You sure you don't want pages that have no incoming links from mainspace, not pages with no incoming links at all? —Cryptic 00:16, 3 August 2022 (UTC)Reply[reply]
You're right, from mainspace is what I actually want, if that will find less results, thanks.Jonteemil (talk) 13:40, 3 August 2022 (UTC)Reply[reply]
quarry:query/66402. Despite having fewer raw results the first query, they represent more distinct pages - 81592 compared to 64449 - because the first had duplicate rows. —Cryptic 18:40, 3 August 2022 (UTC)Reply[reply]

All files in category X and category Y, including exif metadata[edit]

Hello.
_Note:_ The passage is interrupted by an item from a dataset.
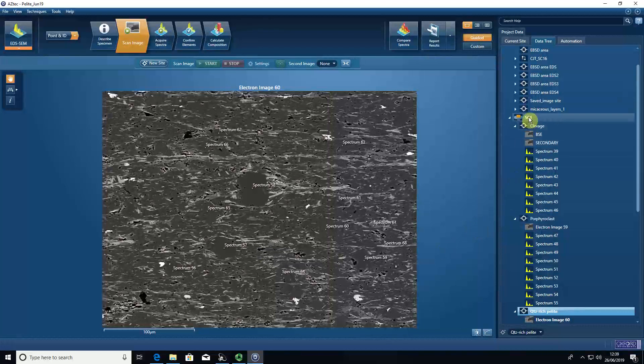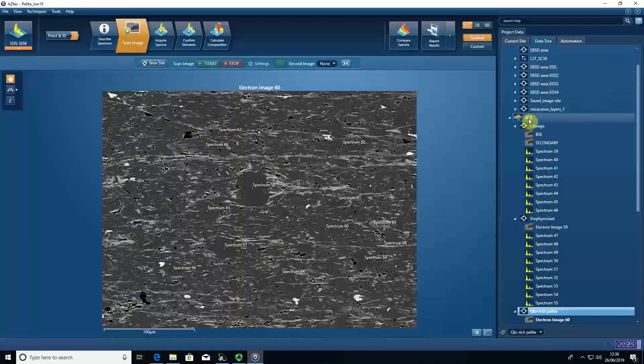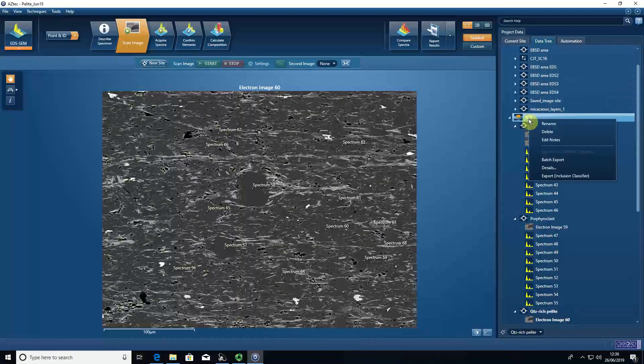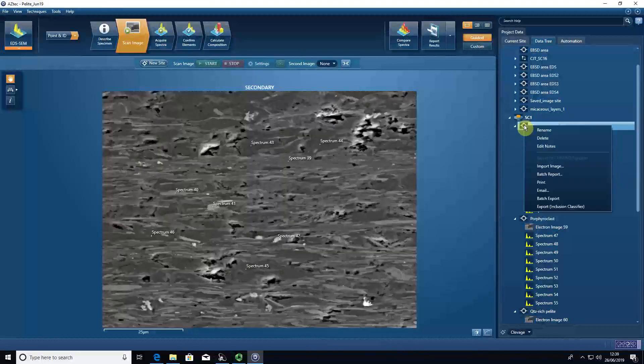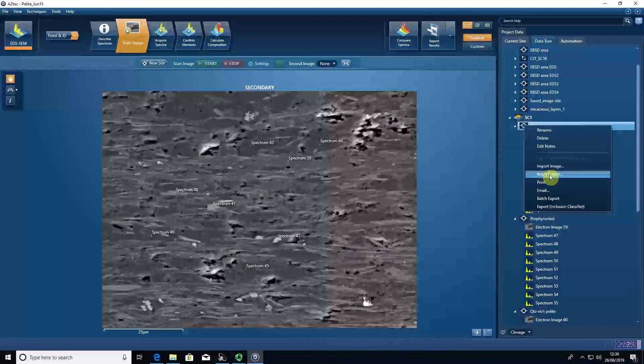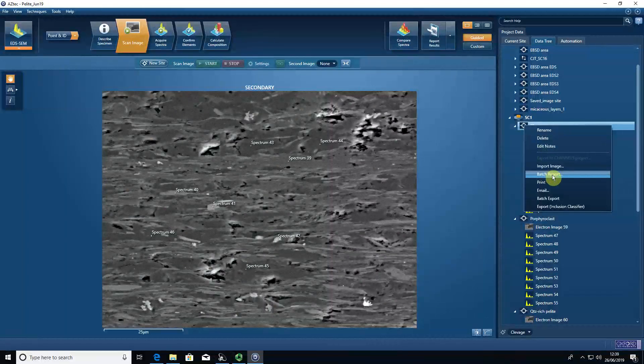We can then, in the data tree, click on a sample, on a site, and we have batch report.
Could someone please construct a query for all enwiki files in both category Self-published_work and category All_free_media, and have the two result columns be page.page_title and image.img_metadata? I tried in this query but I think I messed something up, because the resultset is bigger than I was expecting, and also because it is slow. Thanks. –Novem Linguae (talk) 10:27, 6 August 2022 (UTC)Reply[reply]
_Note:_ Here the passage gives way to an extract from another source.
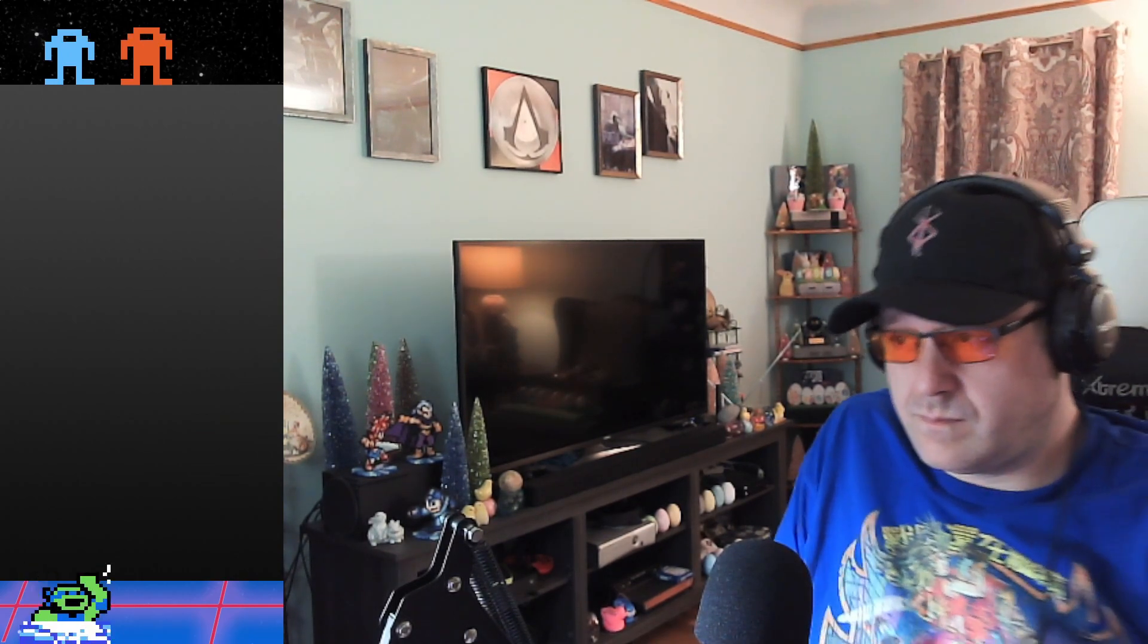But yeah, tomorrow's my night off of streaming. I'm going to keep on the schedule. It's Easter though. You know what that means, right?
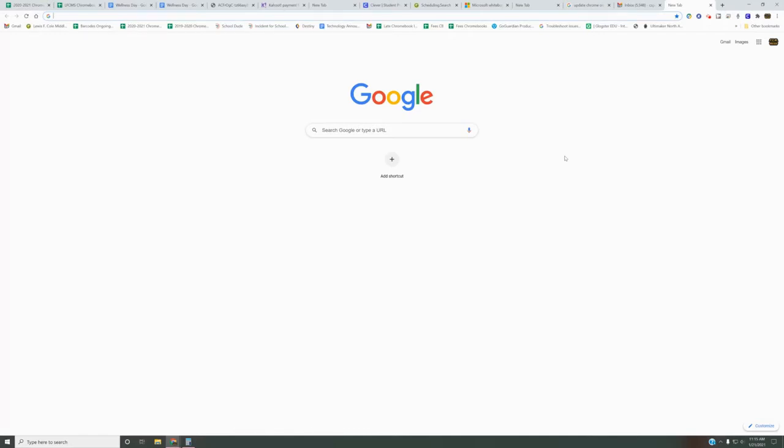Recently, some teachers have been reporting that during their Google Meets, when they share a tab and then switch to a new tab and click on 'share this tab instead,' they lose the entire sharing. They have to re-present their screen all over again.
It looks right to me. There are a lot of files to check, and people who self-publish on Wikipedia are likely to use a free licence. You could add AND cl_type='file' but it may make no difference: other pages shouldn't be in those categories. Of course, you'll need to join to page and image for the name and metadata. Certes (talk) 12:10, 6 August 2022 (UTC)Reply[reply]
Improved query.Novem Linguae (talk) 12:48, 6 August 2022 (UTC)Reply[reply]

surprising number of username = NULL in image table query[edit]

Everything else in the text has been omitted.